There is much to recommend this system. It avoids lopsided gerrymandered redistricting by the majority party in power in the state legislature in the year redistricting occurs (“in years ending in ‘1’”), like the Republican legislative takeover in Wisconsin using REDMAP in 2010-2011. It requires that the two major partys’ representatives on the redistricting commission come to some sort of compromise–or else they abdicate their decision-making to the state supreme court. But make no mistake, this is a balanced bi-partisan and definitely NOT a non-partisan process. Both Republican redistricting commissioners and one Democratic commissioner on the 2021 commission are recent former state legislators, people who undoubtedly retain connections in the current legislature (Fain, Graves, and Walkinshaw). The fourth voting commissioner, April Sims, the second Democratic appointee, is the Secretary Treasurer of the Washington State Labor Council. Redistricting is fundamentally a partisan political process. The Washington commission helps balance the power between the two major political parties of the time–but it does not remove politics from the equation. Consider that the commissioners receive only a small per diem for their time and effort, including many hours of listening to citizen testimony. I pose that there exists no completely disinterested, non-partisan, Solomonic mortal willing to serve in such a position. 

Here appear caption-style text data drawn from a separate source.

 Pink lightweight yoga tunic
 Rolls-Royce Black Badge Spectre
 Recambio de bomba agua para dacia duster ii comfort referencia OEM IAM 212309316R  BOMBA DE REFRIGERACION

The Spokane County Redistricting Commission is modeled after the WA State Commission. The details are specified in the Revised Code of Washington (RCW) by law passed by the WA State legislature in 2018 (which subsequently withstood a legal challenge in the WA State supreme court). RCW 36.32.053 details the qualifications to serve as a county redistricting commissioner and RCW 36.32.054 specifies the function of the commission. One key difference between the State and County commissions: If the County Redistricting Commission deadlocks 2 to 2 the decision falls (or rises, I suppose) to the WA State Redistricting Commission, NOT to the State supreme court. The members of the Spokane County Redistricting Commission have been chosen, but the choosing received little media attention. Democrats have chosen Spokane attorney and community advocate Natasha Hill, and Brian McClatchey, Director of Policy and Government Relations for the Spokane City Council. The Senate Republican appointee is Robin Ball and the Republican House of Representatives appointee is James McDevitt. Mr. McDevitt is a former U.S. Attorney for Eastern Washington (2000s). Earlier, he spent two and half years on Slade Gorton’s staff (late 1970s) when Gorton was Washington State Attorney General. After his retirement as U.S. Attorney in 2010, McDevitt interrupted his retirement with a four month stint as interim chief of the Spokane Police. Robin Ball is the owner and active manager of Sharp Shooting Indoor Range and Gun Shop on North Freya just north of Trent. Ms. Ball a business woman, a former chairwoman of the Spokane County Republican Party, and an ardent promoter of the Second Amendment. It is hard to think of a more partisan local Republican than Ms. Ball. As of this writing the four appointees have yet to appoint their fifth (nonvoting) member and chair person.

In the coming weeks and months, especially as the data from the 2020 census becomes available, these two redistricting commissions will gear up. They need input and observation. For residents of Spokane County the county redistricting commission may bear the most watching as it is charged with the total re-drawing of county voting districts that will affect the governance of the County for years to come. Stay tuned.

Keep to the high ground,
Jerry

P.S. For background on the proposal and passage of the state law mandating five district-based county commissioners for non-charter Washington counties with a population over 400,000 I recommend Daniel Walters’ December 10, 2020, article in the Inlander entitled “State Rep. Marcus Riccelli keeps remaking Spokane County’s governing bodies — and raising the ire of Commissioner Al French.” 

P.P.S. Redistricting of municipalities, school districts, and fire districts in the State of Washington is not covered under either of the commissions discussed above. Redistricting of these entities proceeds under another set of rules, probably within guardrails set by the the Revised Code of Washington.